We apologize for a period of extreme slowness today. The army of AI crawlers just leveled up and hit us very badly.

The good news: We're keeping up with the additional load of new users moving to Codeberg. Welcome aboard, we're happy to have you here. After adjusting the AI crawler protections, performance significantly improved again.

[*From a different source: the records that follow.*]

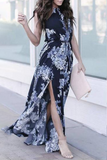 Elegant Floral Frenulum High Opening Halter A Line Dresses(3 Colors)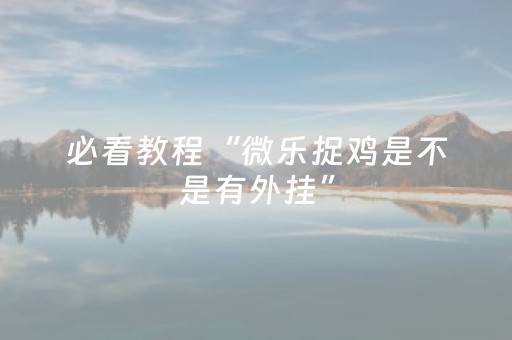 必看教程“微乐捉鸡是不是有外挂”（详细透视教程）-哔哩哔哩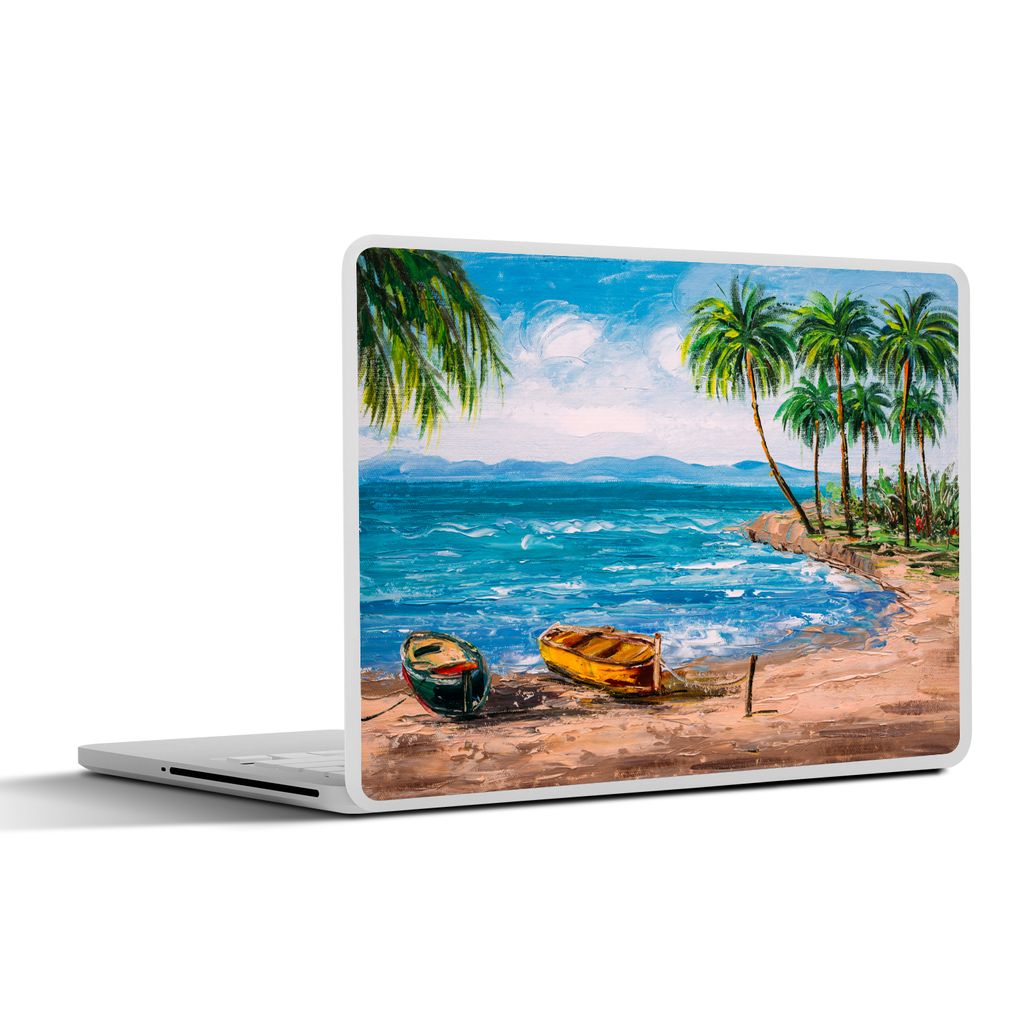 MuchoWow Laptop Aufkleber Sticker Cover Gemälde - Öl auf Leinwand - Strand - Palme - Boot 30x21 cm - Sticker für Laptop - Selbstklebend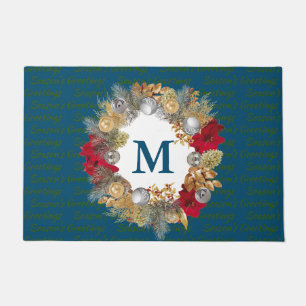 Teal Blue MONOGRAM Christmas Wreath Doormat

It seems like the AI crawlers learned how to solve the Anubis challenges. Anubis is a tool hosted on our infrastructure that requires browsers to do some heavy computation before accessing Codeberg again. It really saved us tons of nerves over the past months, because it saved us from manually maintaining blocklists to having a working detection for "real browsers" and "AI crawlers".
However, we can confirm that at least Huawei networks now send the challenge responses and they actually do seem to take a few seconds to actually compute the answers. It looks plausible, so we assume that AI crawlers leveled up their computing power to emulate more of real browser behaviour to bypass the diversity of challenges that platform enabled to avoid the bot army.

We have a list of explicitly blocked IP ranges. However, a configuration oversight on our part only blocked these ranges on the "normal" routes. The "anubis-protected" routes didn't consider the challenge. It was not a problem while Anubis also protected from the crawlers on the other routes.

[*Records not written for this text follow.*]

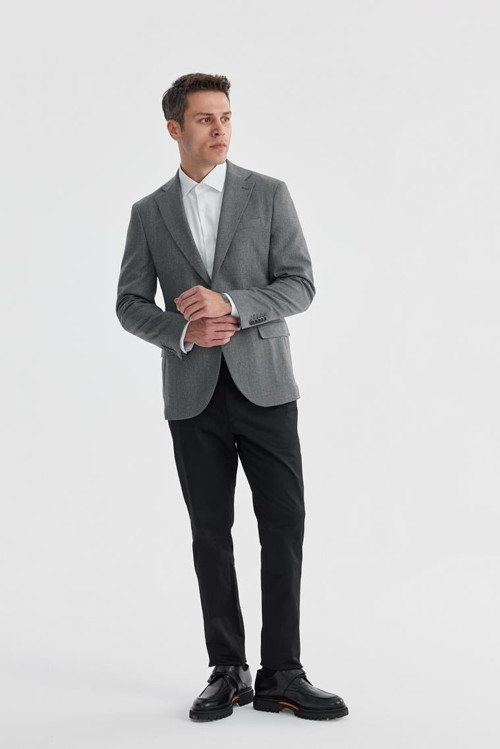 Gri Slim Fit Ekose Kareli Çift Yırtmaçlı Ceket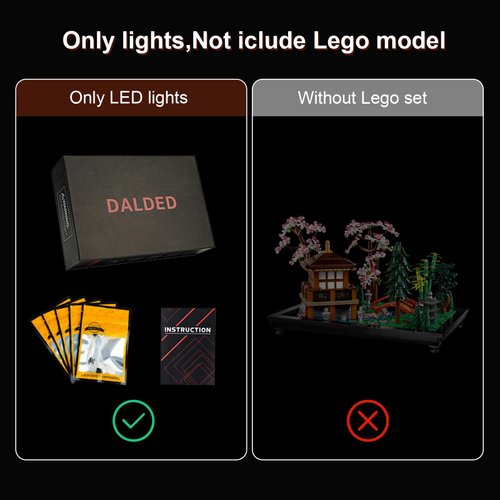 DALDED LED Lighting Kit for Lego Icons Tranquil Garden, LED Light Compatible with Lego 10315 Building Block Models (Remote Control Version)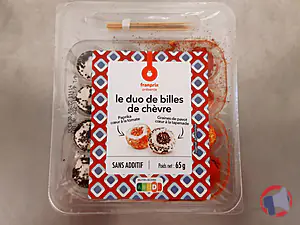 Rappel produit Duo de billes de chèvre Paprika coeur à la tomate et Graines de pavot coeur à la tapenade 65g FRANPRIX Franprix
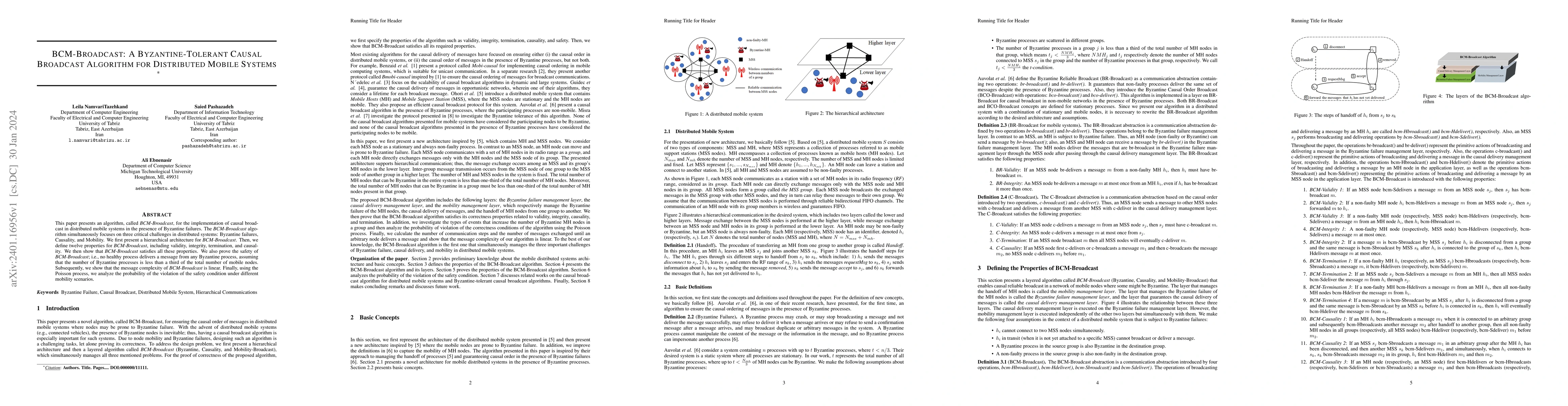 Thumbnail for BCM-Broadcast: A Byzantine-Tolerant Causal Broadcast Algorithm for
  Distributed Mobile Systems
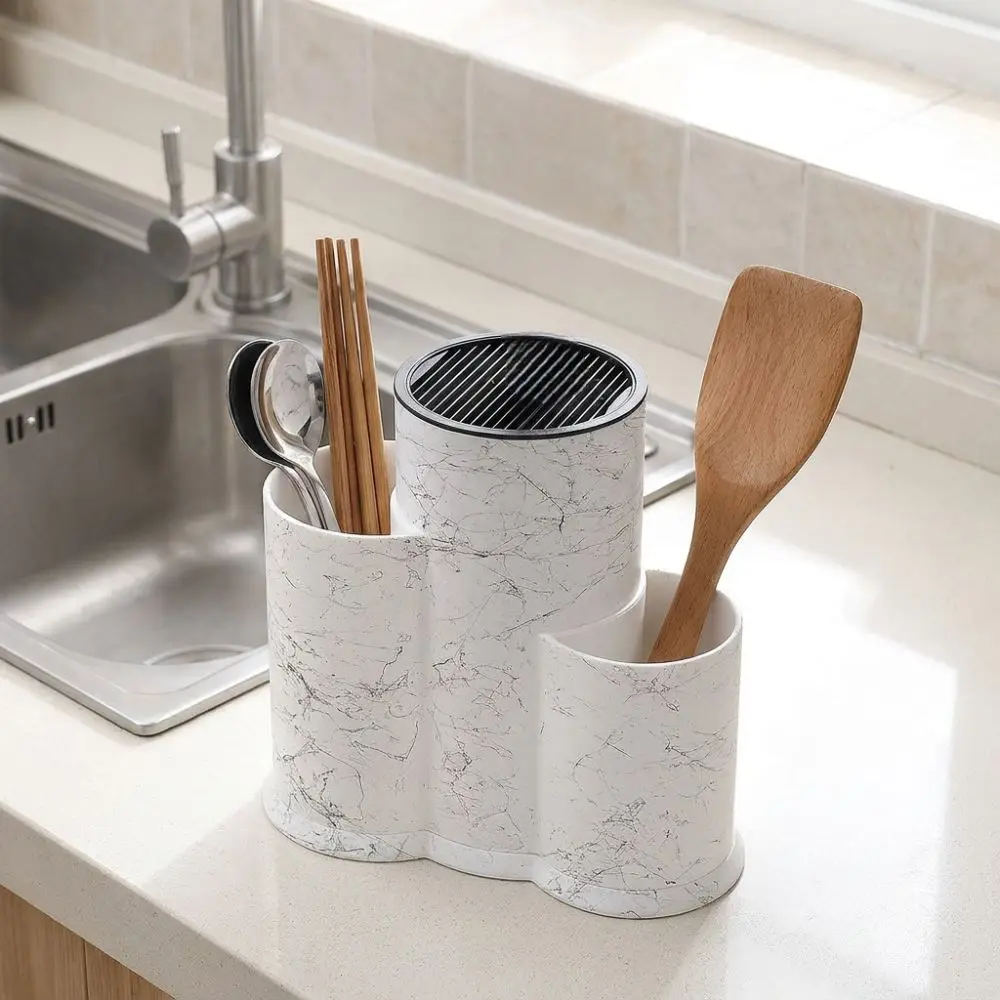 

Modern Style 3 Tube Kitchen Cutter Holder Non-slip Base Large Capacity Kitchens Utensil Rack Plastic Detachable Cutter Shelf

However, now that they managed to break through Anubis, there was nothing stopping these armies.

It took us a while to identify and fix the config issue, but we're safe again (for now).

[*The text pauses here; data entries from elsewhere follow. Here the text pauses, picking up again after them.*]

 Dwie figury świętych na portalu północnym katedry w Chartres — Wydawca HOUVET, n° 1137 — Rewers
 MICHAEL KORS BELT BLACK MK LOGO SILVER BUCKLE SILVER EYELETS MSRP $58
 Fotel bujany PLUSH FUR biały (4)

For the load average auction, we offer these numbers from one of our physical servers. Who can offer more?

(It was not the "wildest" moment, but the only for which we have a screenshot)

@Codeberg In the days of single CPU servers (early 90s?) and an interesting filesystem problem, I think I may have seen ~400 at a client site!

@DamonHD @Codeberg got around 800 on a single CPU server (well actually VM) this week, I had blocked lots of Huawei networks but there’s no list of all of them.

I now block some more, but I also reduced MaxServer in Apache httpd, to put an upper cap on this. Getting into swapping is not fun.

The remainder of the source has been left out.